さらに、水分の摂り方にも工夫がある。水分だって、むやみに摂っていては体に悪い。特に、コーヒーや酒が好きな人間は、水分を摂りすぎる傾向があるから、自己コントロールする必要がある。では、どのような工夫があるか。それは、まず、我々が水分を摂る時、常に必要以上の量を飲んでしまうという事実に目を向けることである。本当は、コップ3分の1、4分の1で口の乾きは抑えられるのだが、コップ1杯の水があるから、それを全部飲んでいるだけだ。しかも、夏場には、冷たい飲料の喉ごしの気持ち良さだけのために、必要以上の量を飲んでしまう。それを避けるには、コップやカップ1杯の飲料を、時間をかけて飲むことである。つまり、5分、10分に一回くらいの割で一すすりずつ飲むことだ。そうすれば、1杯のコーヒーで1時間、2時間もたすことができる。熱いコーヒーでなければいやだ、という美食家は、ダイエットなどやめることだ。机の上に置きっぱなしでは、飲料に埃が入るなどというのもナンセンスである。我々は四六時中、鼻や口から埃を吸い込んでいるのである。コーヒーの埃ごときが何だと言うのか。

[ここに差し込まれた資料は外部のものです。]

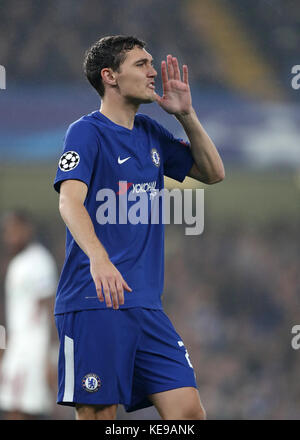 Andreas Christensen, de Chelsea, lors du match de l'UEFA Champions League, groupe C, à Stamford Bridge, Londres. Banque D'Images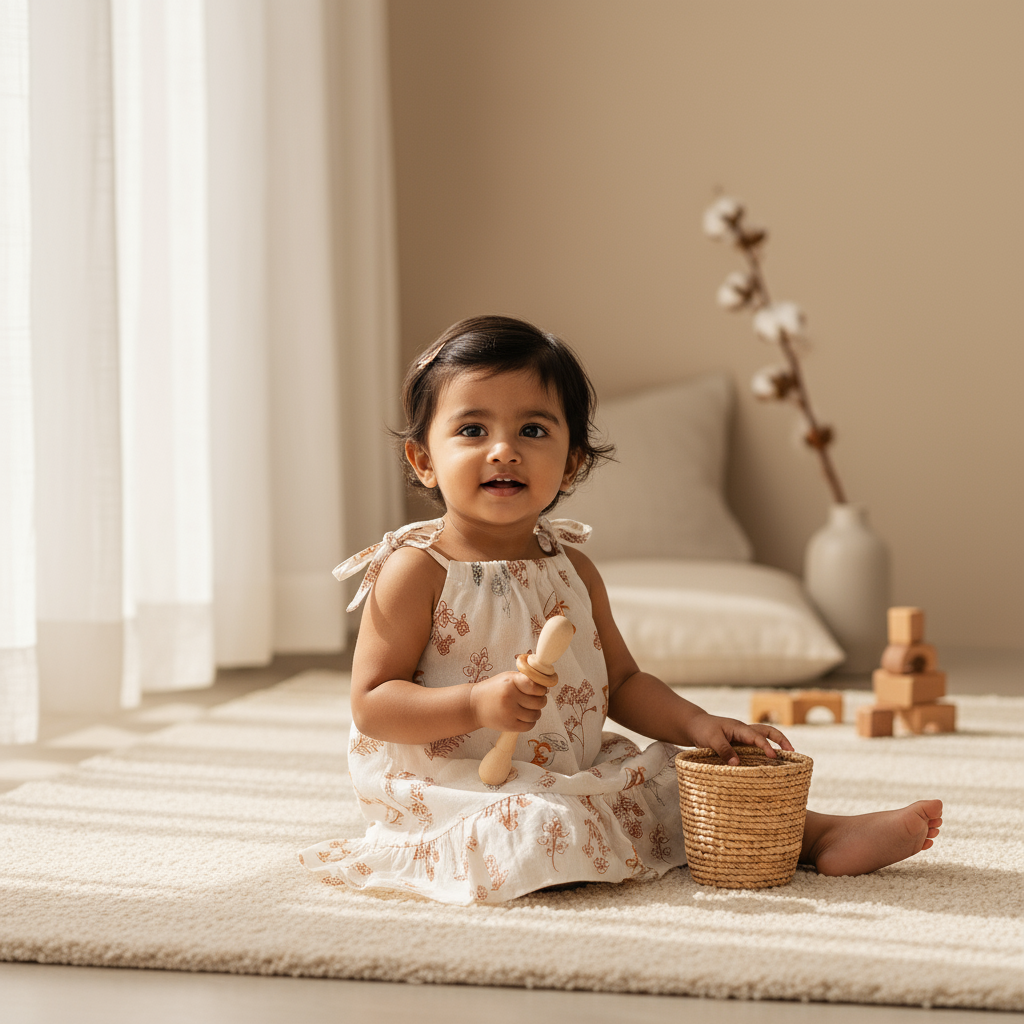 Nature Tales- Organic Muslin Knot Frock.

さて、腹八分目の食事を続けていると、ごく短期間で、体重は減ってくる。食わなければ、体重が減るのは当たり前であり、ダイエットができないのは、腹一杯食っているからなのである。このダイエットを始めて、しばらくすると、一回で食える食事の量そのものが減ってくる。これは、胃袋が小さくなったということである。こうなると、体重は低い水準で安定してくる。つまり、ダイエットにほぼ成功したということだ。もちろん、この段階でも、かつての「腹が膨れるほど食いたい」という欲望を退けるのは簡単ではないし、また正月やクリスマスなどで外食の機会が多くなると、大食いをすることもある。その危機を乗り越えて、食事そのものに対する欲望が少なくなれば、完全な成功と言えるだろう。
以上が、「胃袋を縮小することでダイエットをする」という方法である。